OBJECTIVES: We tested the hypothesis that alcohol, alone and in combination with alcohol dehydrogenase (ADH) 1B and ADH1C genotypes, affects liver damage and disease in the general population. METHODS: Information on alcohol intake and on liver disease was obtained from 9,080 men and women from the Copenhagen City Heart Study. Biochemical tests for the detection of liver damage were specific for alanine aminotransferase (ALT), aspartate aminotransferase (AST)-to-ALT ratio (AST/ALT), gamma-glutamyl transpeptidase (gamma-GT), albumin, bilirubin, alkaline phosphatase, coagulation factors, and erythrocyte volume. RESULTS: Increasing alcohol intake was associated with increasing erythrocyte volume, AST/ALT, and levels of ALT, gamma-GT, albumin, bilirubin, coagulation factors, and with decreasing levels of alkaline phosphatase. Multifactorially adjusted hazard ratios for alcoholic liver disease overall were 0.9 (95% confidence interval (CI), 0.6-1.4), 1.4 (0.8-2.5), 1.8 (0.9-3.5), and 4.1 (2.5-7.0) for an alcohol intake of 1-13, 14-20, 21-27, and >= 28 drinks per week, respectively, compared with drinking <1 drink per week (P for trend <0.0001); the corresponding hazard ratios for alcoholic liver cirrhosis were 1.7 (0.6-4.7), 2.0 (0.8-7.1), 6.5 (2.0-21), and 13 (4.6-37) (P for trend <0.0001). ADH1B and ADH1C genotypes were not associated with and did not modify the effect of alcohol on biochemical tests or risk of liver disease. CONCLUSIONS: Increasing alcohol intake from none to low (1-6 drinks per week) through to moderate (7-20 drinks per week) and excessive intake (>= 21 drinks per week) leads to stepwise increases in signs of liver damage with no threshold effect, and to an increased risk of liver disease. The minor changes in biochemical tests for low alcohol intake may not account for subclinical liver disease.

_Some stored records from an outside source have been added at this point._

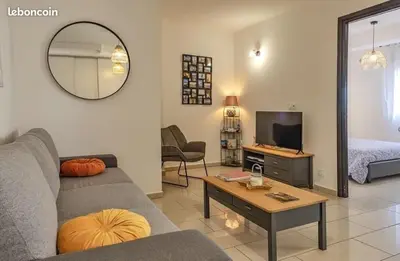 a living room with a couch and a tv at Appartement Lucciana Corse plage à 2 minutes in Lucciana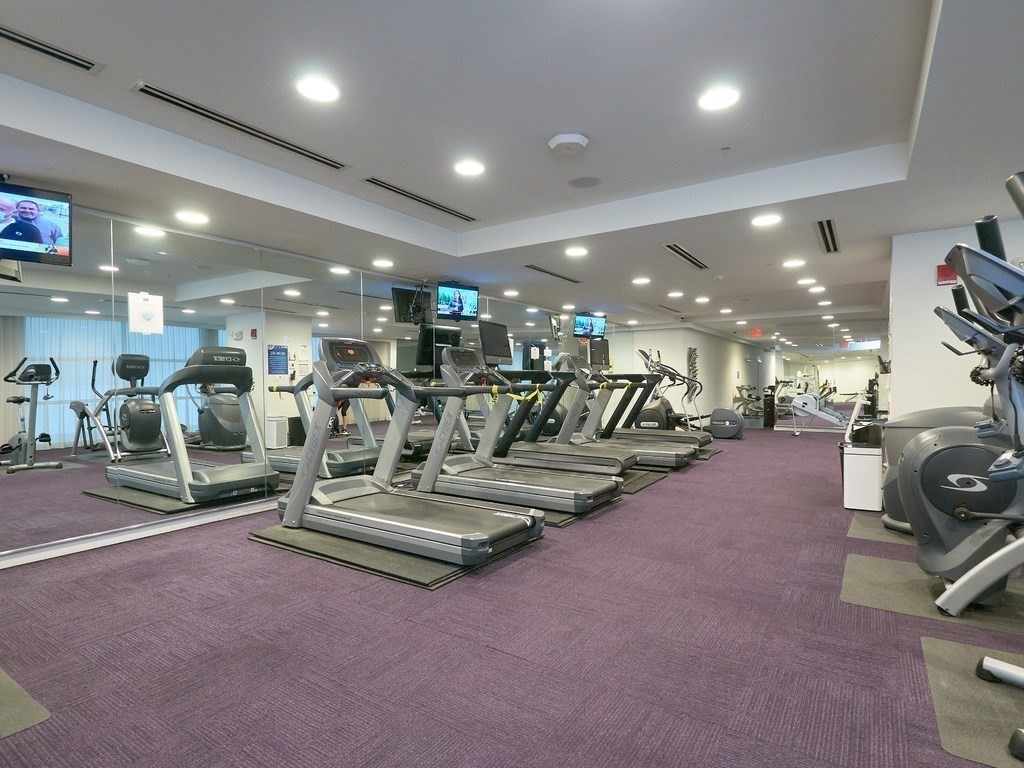 42 8th Street, Unit 5521 Boston, MA 02129 - Photo 18 of 25 a view of a room with gym equipment and a large mirror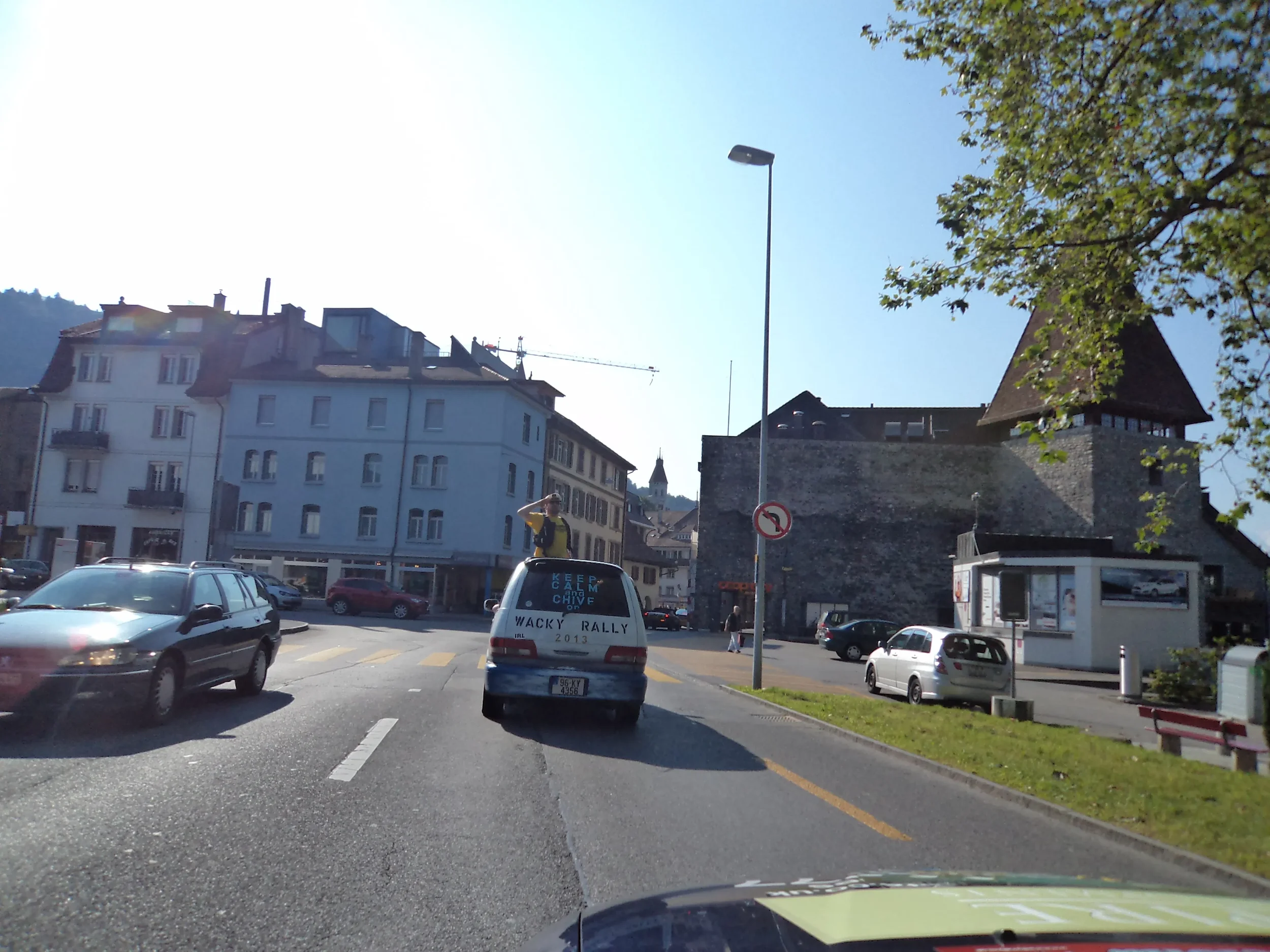 Street view with cars, a person in a yellow jacket standing in the back of a vehicle, historic stone building with a tower, and modern buildings in a European town.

Zhang YM; Ren J. ALDH2 in alcoholic heart diseases: Molecular mechanism and clinical implications. (review). Pharmacology & Therapeutics 132(1): 86-95, 2011. (158 refs.)

Alcoholic cardiomyopathy is manifested as cardiac hypertrophy, disrupted contractile function and myofibrillary architecture. An ample amount of clinical and experimental evidence has depicted a pivotal role for alcohol metabolism especially the main alcohol metabolic product acetaldehyde, in the pathogenesis of this myopathic state. Findings from our group and others have revealed that the mitochondrial isoform of aldehyde dehydrogenase (ALDH2), which metabolizes acetaldehyde, governs the detoxification of acetaldehyde formed following alcohol consumption and the ultimate elimination of alcohol from the body. The ALDH2 enzymatic cascade may evolve as a unique detoxification mechanism for environmental alcohols and aldehydes to alleviate the undesired cardiac anomalies in ischemia-reperfusion and alcoholism. Polymorphic variants of the ALDH2 gene encode enzymes with altered pharmacokinetic properties and a significantly higher prevalence of cardiovascular diseases associated with alcoholism. The pathophysiological effects of ALDH2 polymorphism may be mediated by accumulation of acetaldehyde and other reactive aldehydes. Inheritance of the inactive ALDH2*2 gene product is associated with a decreased risk of alcoholism but an increased risk of alcoholic complications. This association is influenced by gene-environment interactions such as those associated with religion and national origin. The purpose of this review is to recapitulate the pathogenesis of alcoholic cardiomyopathy with a special focus on ALDH2 enzymatic metabolism. It will be important to dissect the links between ALDH2 polymorphism and prevalence of alcoholic cardiomyopathy, in order to determine the mechanisms underlying such associations. The therapeutic value of ALDH2 as both target and tool in the management of alcoholic tissue damage will be discussed.